Sosyal medyayı kullanan 120
öğrenciden 25’i arkadaşlık
amacıyla kullanırken 31’i
güncel olarak kullanmaktadır.
Oyun için kullanan kişi sayısı
sadece 1 iken hepsini
amaçlayarak kullanan kişi
sayısı ise 63’tür. Arkadaşlık
amacıyla sosyal medyayı
kullanan 25 kişiden 19’u erkek
6’si bayandır. Güncel olarak
kullanan 31 kişiden 11’ i erkek
iken 20’si bayandır. Hepsini
amaçlayarak kullanan kişi
sayısı ise erkeklerde 33
bayanlar da 30’dur.
Sosyal medyayı kullanan 120
üniversite öğrencisinden günde
kaç saatlerini cevaplamaları
istenmiştir. Çıkan sonuçta 52 kişi
günde 1 saatlerini, 39 kişi günde
3 saatlerini, 18 kişi günde 5
saatlerini ve 11 kişi de günde 7
saat ve daha fazla sure ayırdıkları
görülmüştür. Sosyal medyaya
günde 1 saat ayıran kişilerden 28’
i erkek iken 24’ u bayandır.
Günde 3 saat ayıran kişilerden 25’
i erkek 14’ u bayandır. Günde 5
saatini ayıranlardan 5’ i erkek 13’
u bayandır. Günde 7 saat ve üzeri
kullanıcı sayısı ise erkeklerde 6
iken bayanlarda 5 olarak
görülmüştür.
Yapılan araştırmadan çıkan sonuçlara göre :
 Üzerinde anket uygulanan 150 kişilik bir grupta
4/5 lük grup sosyal ağları kullanırken, yalnızca 1/5
lik grup sosyal ağları kullanmamaktadır.
Kullanılan sosyal ağlardan çoğunluğu Facebook
kullanıcıları oluştururken, Twitter da 2. sırayı
almaktadır.
 Erkek ve bayanların sosyal medya kullanımları
hemen hemen aynı sayıda olsa da, erkek kullanıcılar
çoğunluğu oluşturmaktadır.
 Ayrıca 1/3 lik kısım günde 1 saatlerini sosyal ağları
kullanarak geçirmekte ve diğer 1/3 lik kısım günde 3
saatlerini sosyal ağları kullanarak geçirirken geri
kalan 1/3 lik kısım ise günde 5 saat ve daha uzun süre
sosyal ağlardan yararlanmaktadır.
 Bu da demek oluyor ki; ülkemizde sosyal medya, gün
geçtikçe, daha fazla kullanılmaya başlanmakla beraber
git gide insanların günlük zamanlarını burada daha
fazla harcayacakları anlamına gelmektedir.

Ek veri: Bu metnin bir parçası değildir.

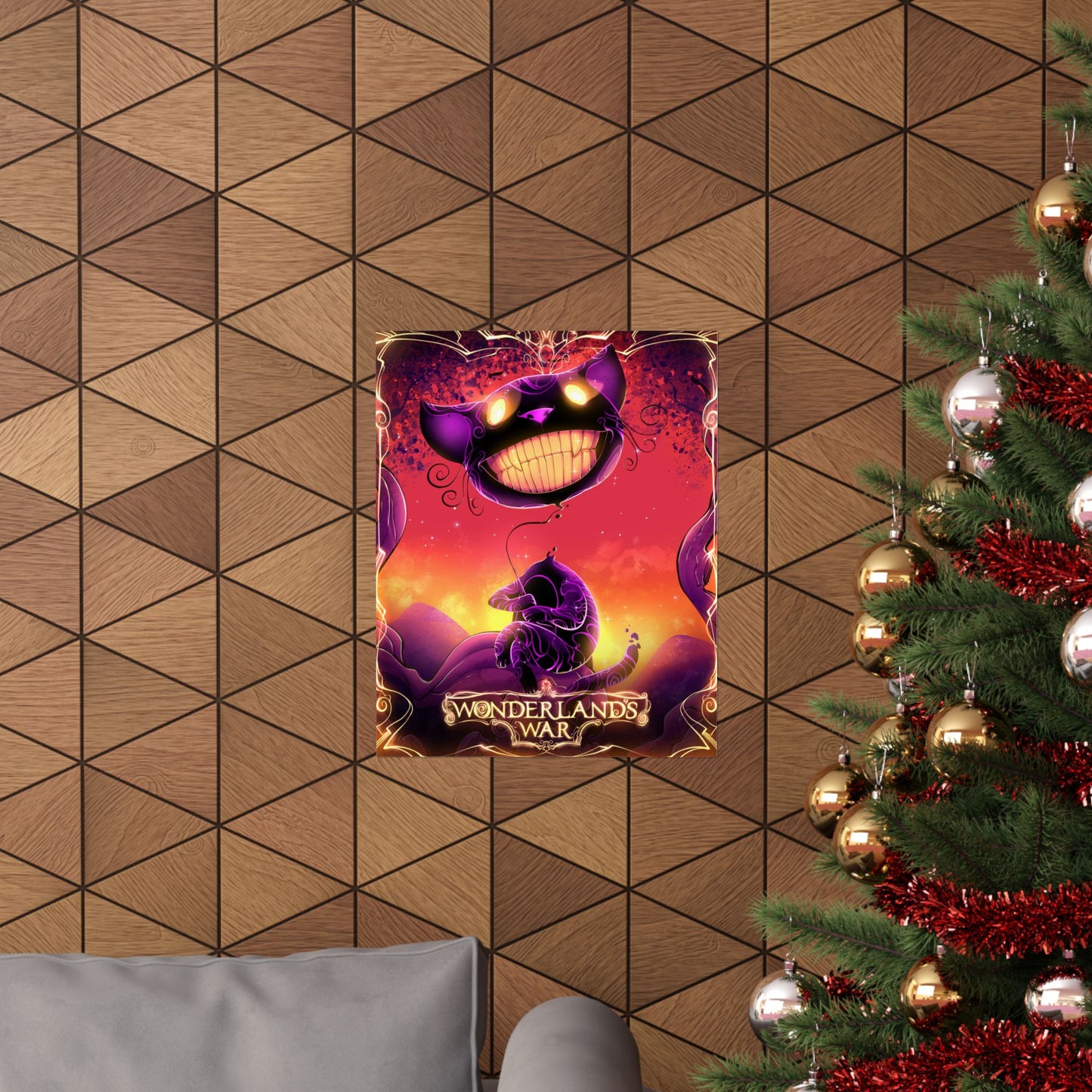 Wonderland's War Matte Vertical Poster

 Sosyal Medya öğelerinin daha fazla kullanılmasıyla
birlikte, reklam ve halkla ilişkiler birimlerinin de
buralarda etkin faaliyet göstererek daha fazla kitleye
ulaşabilmesi öngörülmektedir.
 Ayrıca sosyal medyanın büyük topluluklara hitap
edebileceği düşünülürse, insanları belirli bir
düşünceye yönlendirmek, gerektiğinde en küçük
haberi veya paylaşımı dahi tüm dünyaya yaymak
mümkün olabilmektedir.
 Böylece insanlar, kurum ve kuruluşlar kendilerini
daha hızlı bir şekilde daha büyük bir topluluğa ifade
edebilecekler ve hemen herkes sürekli iletişim halinde
olacaktır.
 Ayrıca sosyal medya üzerinde kullanılacak bir
hiyerarşik yapıyla binasız bir şirket dahi
kurulabilinmesi mümkün olmaktadır .
 Tüm bu çıkan sonuçlar ve çıkarımlar dahilinde sosyal
medya, gün geçtikçe kendini yenileyen ve ilerleyen
kimliği ile geleceğin yeni düzeninde olmazsa olmaz bir
yapı taşı haline gelecektir.
 Yapılan anket sonuçlarına göre gençlerin sosyal
beklentileri daha çok sosyal medyanın daha güvenilir
ve kişisel konuları üzerinde yoğunlaşmaktadır.
 Ayrıca sosyal medya üzerinde paylaşılan, toplumun
sosyo-kültürel, kutsal değerlerini ve ahlak yapılarını
bozan içeriklerin yayınlanmasına izin verilmemesi
gençlerin beklentilerini arasında yer almaktadır.